Movie Reviews

Movie Review: The Beatles’ Music Is Still As Relevant Today As “Yesterday”


 

A struggling musician realizes he’s the only person on Earth who can remember The Beatles after waking up in an alternate timeline where they never existed.

What if The Beatles never were? This concept, well-advertised in the advance trailers, will certainly come as no surprise to prospective viewers. The real question instead becomes: What can director Danny Boyle deliver from such a promising premise? Fortunately, the resounding answer is quite a lot.

Jack Malik (Himesh Patel) is a struggling singer-songwriter paying the bills as a warehouse grocery part-time employee. Ellie Appleton (Lily James), his manager since childhood, eagerly tries to raise Malik’s profile in various venues across the British Isles without much luck. In the course of events, the two characters display a warm chemistry that ushers this friends-become-lovers yarn along nicely.

In a film such as this, the plot manufactures perhaps the smallest portion of the fun. Rather, the timeless music of an immortal band constitutes the real star. The action moves along quickly to the incident requiring suspension of disbelief – in this case, a brief global blackout. The resulting alternative reality provides more than enough momentum to drive what otherwise would amount to a conventional love story.

Once Malik realizes that only he knows the legacy of the greatest singer-songwriter compilations in the 20th century, he sets about performing the enduring Beatles tunes to – at first – decidedly indifferent audiences. In fact, in the original script written by Jack Barth (who shares story credit), the protagonist never attains celebrity.

However, in the updated version, screenwriter Richard Curtis takes a different tack. With so much powerful material at his disposal, Malik quickly catches the ear of an aspiring music producer, who offers a modest record deal. Later, a real-life Ed Sheeran gets wind of Malik’s debut album and things really start rolling.

Sheeran introduces Malik to his manager, Debra Hammer (Kate McKinnon). Impressed by Malik’s extraordinary songwriting abilities, Hammer takes on a promising new client even though she thinks he’s sort of grungy. McKinnon’s portrayal of Hammer, a music industry executive with shameless mercenary motivations, hits close to the bone in several scenes.

Malik’s tribulations soon begin. Passing off classic songs as his own, the previously unknown performer rockets to stardom filching a seemingly inexhaustible catalog of Beatles compositions. Accruing a karma tax of monumental proportions, Malik must choose between love and fame, between vast wealth and integrity.

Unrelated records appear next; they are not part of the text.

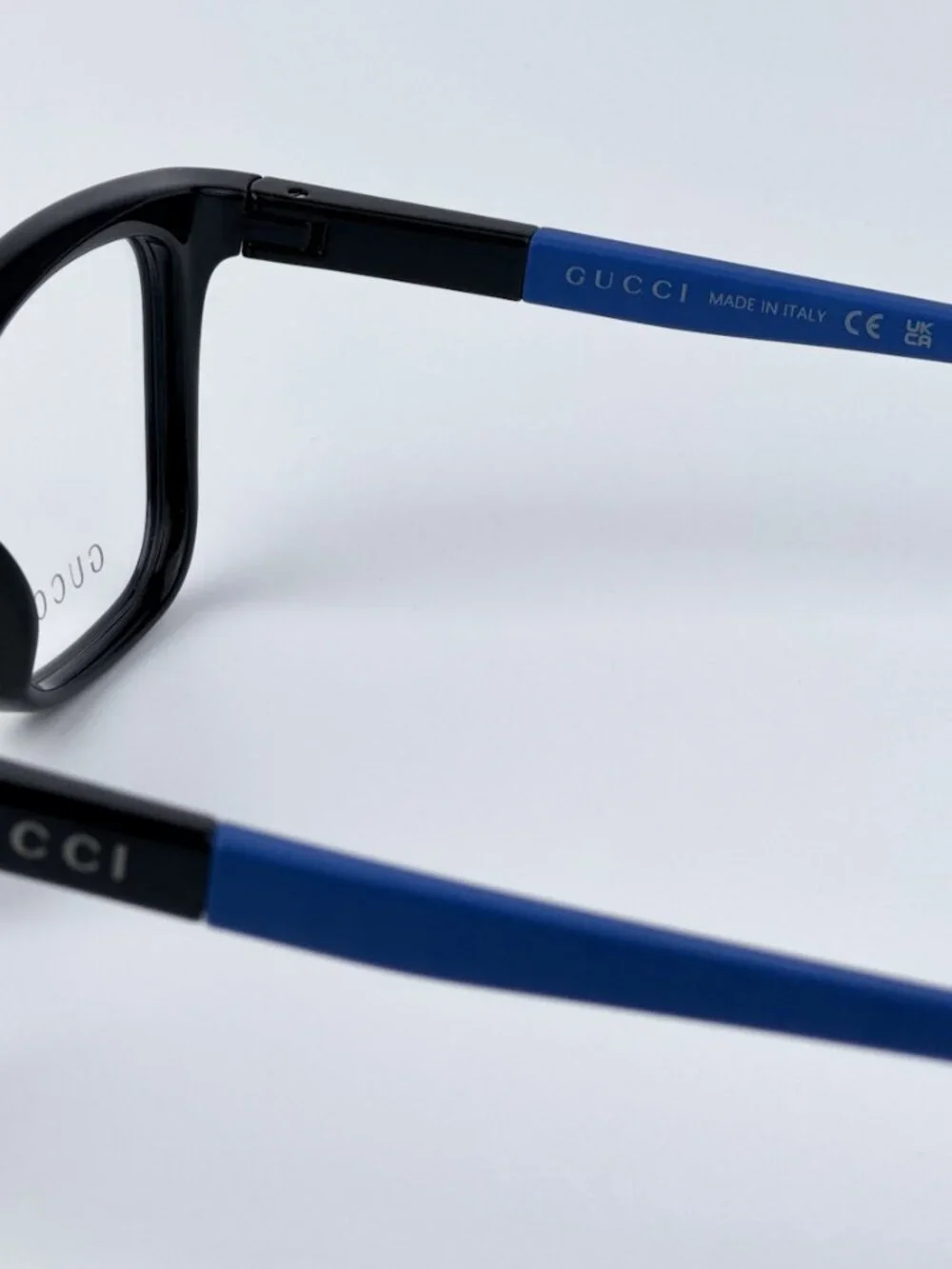 GUCCI GG1738O 004 BLACK BLUE SQUARE EYEGLASSES
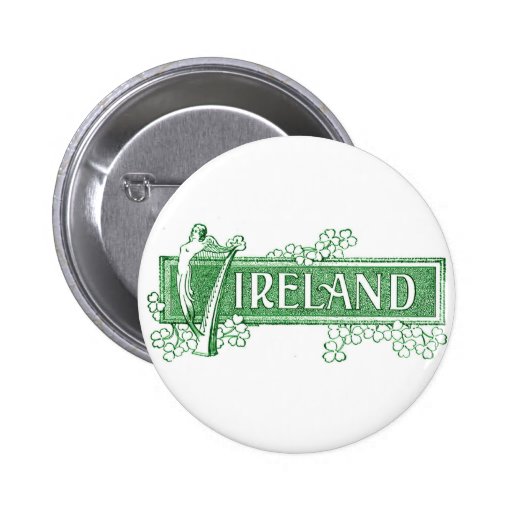 Ireland Pinback Button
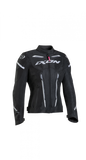 IXON STRIKER AIR WPL Mujer Textil Chaqueta Moto Negro Blanco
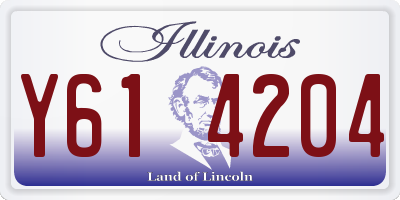 IL license plate Y614204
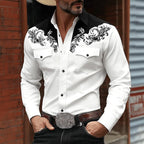 Noah | Men's Western Embroidered Button Shirt, Casual Embroidered Shirt | Animated Apparel | Green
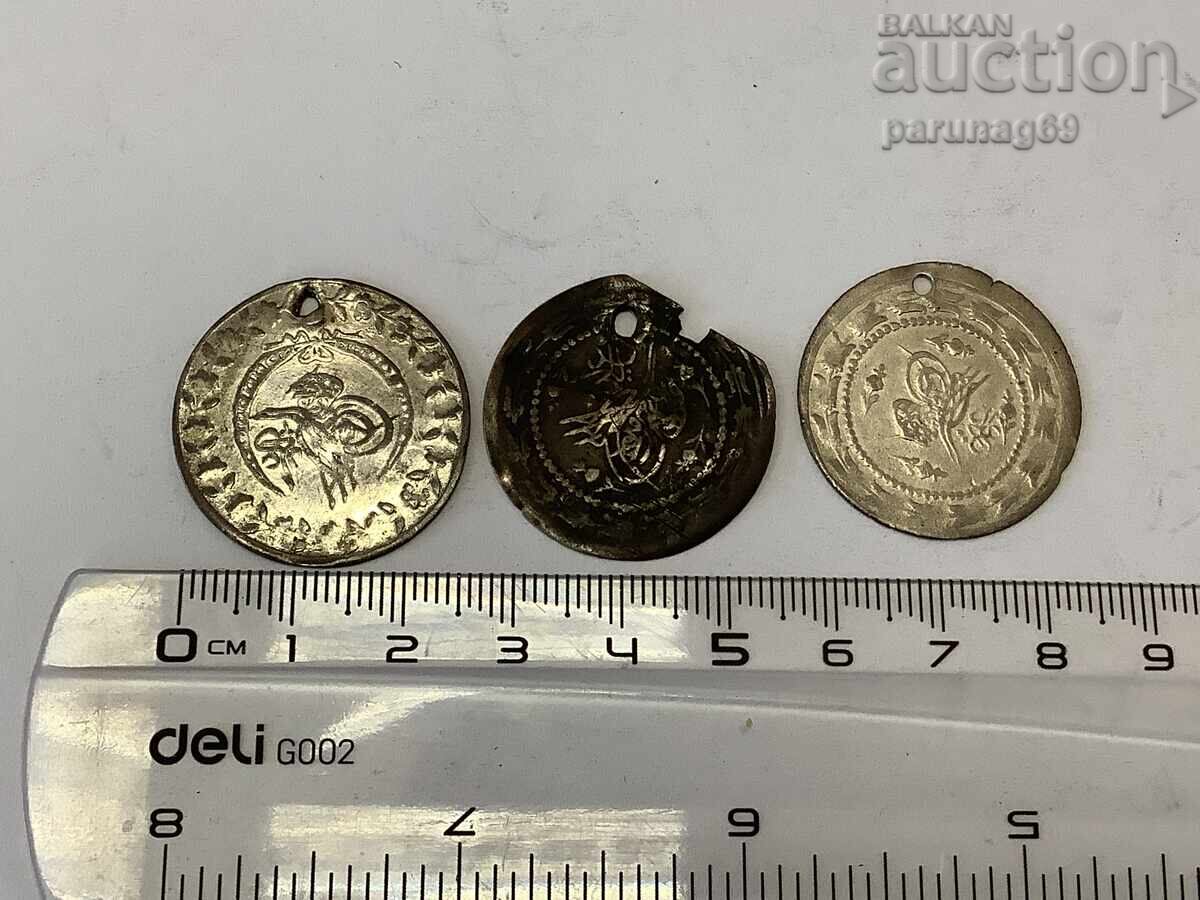 Ottoman Turkey 3 pieces of jewelry coins Ottoman Turkey 3 pieces of jewelry coins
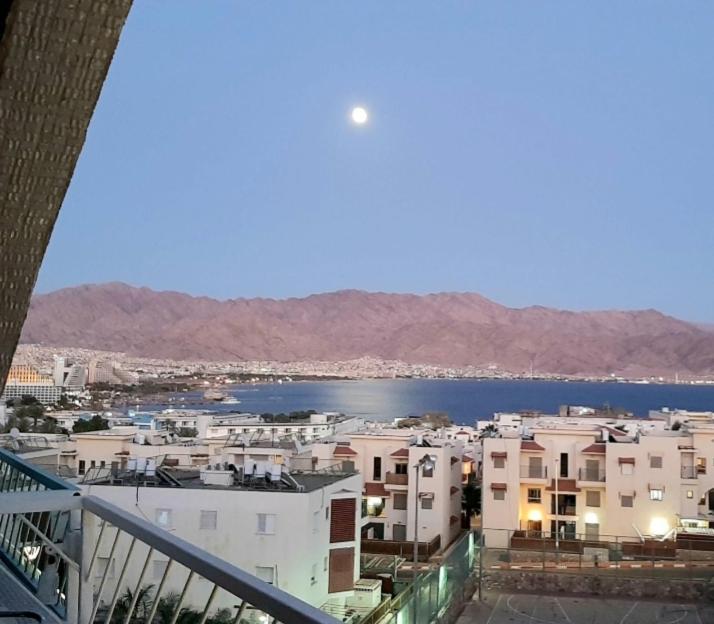 a view of a city and a body of water at Bluestone Vacations in Lev Eilat in Eilat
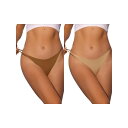 【送料無料】 アレグラ ケー レディース パンツ アンダーウェア 2 Packs Women's G-string Thongs Breathable Soft...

Comedic payoffs abound throughout. As proof that so-called creative types can screw up almost anything, the production team persuades a reluctant Malik that the lyrics to “Hey, Jude” would sound better as “Hey, Dude.” Similarly, his proposed album titles of “Abbey Road” and “Sgt. Pepper’s Lonely Hearts Club Band” are derided as too obscure or lacking marketing punch.

In a wonderful scene late in the film, Malik encounters a childhood idol – who could have been someone famous in another life – now comfortably settled into his twilight years. The septuagenarian remarks pleasantly that he has lived a happy life. Malik skeptically questions whether the old man considered his journey successful. Without missing a beat, the down to earth elder retorts that a happy life is a successful life.

For past and future Beatle’s fans, what was old becomes new again as “Yesterday” briskly reminds audiences of the group’s enormous talents. Critics have noted that the great composers over time were often prolific, but invariably churned out significant quantities of duds relative to the masterpieces. What sets The Beatles’ record of accomplishment apart from most others is the extraordinarily high ratio of hits to misses.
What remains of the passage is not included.